Qwest Records is the American record label started by Quincy Jones in 1980 as a joint venture with Warner Bros. Records, and owned by Warner Music Group, although Jones was still under contract with A&M Records through 1981. George Benson's 1980 Give Me the Night LP was the first release on Qwest, although it was shared with Warner Bros. Records, where Benson was under contract. One of the first artists to sign with Qwest was Jones's goddaughter, Patti Austin. Qwest released Every Home Should Have One in 1981.

Although it focused on the R&B market, its signings included Frank Sinatra (whom Jones produced in the 1960s), Tevin Campbell, Radiance, and British alternative dance group New Order (as well as the backlog of their earlier post-punk incarnation, Joy Division). 

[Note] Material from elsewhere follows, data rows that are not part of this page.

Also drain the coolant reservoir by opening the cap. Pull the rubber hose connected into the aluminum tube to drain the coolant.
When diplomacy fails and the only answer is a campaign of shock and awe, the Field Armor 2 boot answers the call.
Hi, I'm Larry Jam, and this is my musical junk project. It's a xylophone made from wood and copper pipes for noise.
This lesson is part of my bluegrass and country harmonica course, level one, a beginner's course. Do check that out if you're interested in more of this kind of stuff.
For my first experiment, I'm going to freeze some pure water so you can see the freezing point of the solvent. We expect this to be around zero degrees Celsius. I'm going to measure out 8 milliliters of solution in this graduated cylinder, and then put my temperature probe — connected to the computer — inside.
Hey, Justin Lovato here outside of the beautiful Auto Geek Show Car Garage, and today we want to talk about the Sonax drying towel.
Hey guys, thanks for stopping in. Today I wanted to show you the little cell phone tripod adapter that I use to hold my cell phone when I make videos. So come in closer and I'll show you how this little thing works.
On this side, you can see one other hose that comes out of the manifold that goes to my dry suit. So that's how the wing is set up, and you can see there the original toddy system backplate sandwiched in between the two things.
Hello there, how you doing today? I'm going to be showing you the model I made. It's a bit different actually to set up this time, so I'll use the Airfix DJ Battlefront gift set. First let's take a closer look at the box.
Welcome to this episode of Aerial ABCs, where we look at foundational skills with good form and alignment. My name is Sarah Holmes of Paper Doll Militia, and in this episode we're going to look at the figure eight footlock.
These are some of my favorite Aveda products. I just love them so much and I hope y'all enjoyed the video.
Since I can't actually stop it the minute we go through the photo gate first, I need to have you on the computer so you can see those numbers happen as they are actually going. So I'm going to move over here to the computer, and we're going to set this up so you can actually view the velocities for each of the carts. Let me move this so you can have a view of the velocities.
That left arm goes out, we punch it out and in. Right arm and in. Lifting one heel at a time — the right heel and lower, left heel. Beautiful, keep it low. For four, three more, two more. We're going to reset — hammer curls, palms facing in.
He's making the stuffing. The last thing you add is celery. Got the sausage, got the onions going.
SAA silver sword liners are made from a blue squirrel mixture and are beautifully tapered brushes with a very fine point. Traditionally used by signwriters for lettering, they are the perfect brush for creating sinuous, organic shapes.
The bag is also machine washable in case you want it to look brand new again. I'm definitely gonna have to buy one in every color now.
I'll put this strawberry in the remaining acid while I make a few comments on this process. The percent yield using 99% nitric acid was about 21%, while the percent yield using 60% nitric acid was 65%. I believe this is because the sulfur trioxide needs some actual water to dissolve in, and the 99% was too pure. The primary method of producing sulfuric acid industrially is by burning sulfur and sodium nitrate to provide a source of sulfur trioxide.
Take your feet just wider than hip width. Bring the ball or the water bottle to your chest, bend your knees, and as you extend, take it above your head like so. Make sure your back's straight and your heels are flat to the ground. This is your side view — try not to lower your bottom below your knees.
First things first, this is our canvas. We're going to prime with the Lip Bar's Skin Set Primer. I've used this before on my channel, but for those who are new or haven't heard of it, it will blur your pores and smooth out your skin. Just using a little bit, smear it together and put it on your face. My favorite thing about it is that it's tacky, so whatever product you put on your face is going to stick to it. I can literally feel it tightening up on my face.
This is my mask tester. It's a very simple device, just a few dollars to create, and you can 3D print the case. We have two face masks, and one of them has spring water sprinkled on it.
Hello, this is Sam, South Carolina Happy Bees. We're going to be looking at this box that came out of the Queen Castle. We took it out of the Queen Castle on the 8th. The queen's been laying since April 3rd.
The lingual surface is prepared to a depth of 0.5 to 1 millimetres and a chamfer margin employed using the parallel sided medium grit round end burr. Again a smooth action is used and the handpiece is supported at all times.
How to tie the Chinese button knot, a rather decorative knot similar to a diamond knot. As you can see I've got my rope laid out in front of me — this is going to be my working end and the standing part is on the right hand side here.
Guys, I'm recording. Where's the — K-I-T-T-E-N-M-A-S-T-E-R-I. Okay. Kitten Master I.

Quincy Jones - NME - May 1990

The label also ventured into hip hop music during the 1990s. Qwest also discovered R&B artist Tamia, who enjoyed a long career. The gospel group the Winans signed with the label in 1985. Táta Vega was also signed and released Now I See through Qwest. Robert Stewart, who performed on the Pulitzer Prize-winning Wynton Marsalis recording Blood on the Fields, was signed to the label in 1994. His two albums for Qwest, In the Gutta and The Force, received critical acclaim. 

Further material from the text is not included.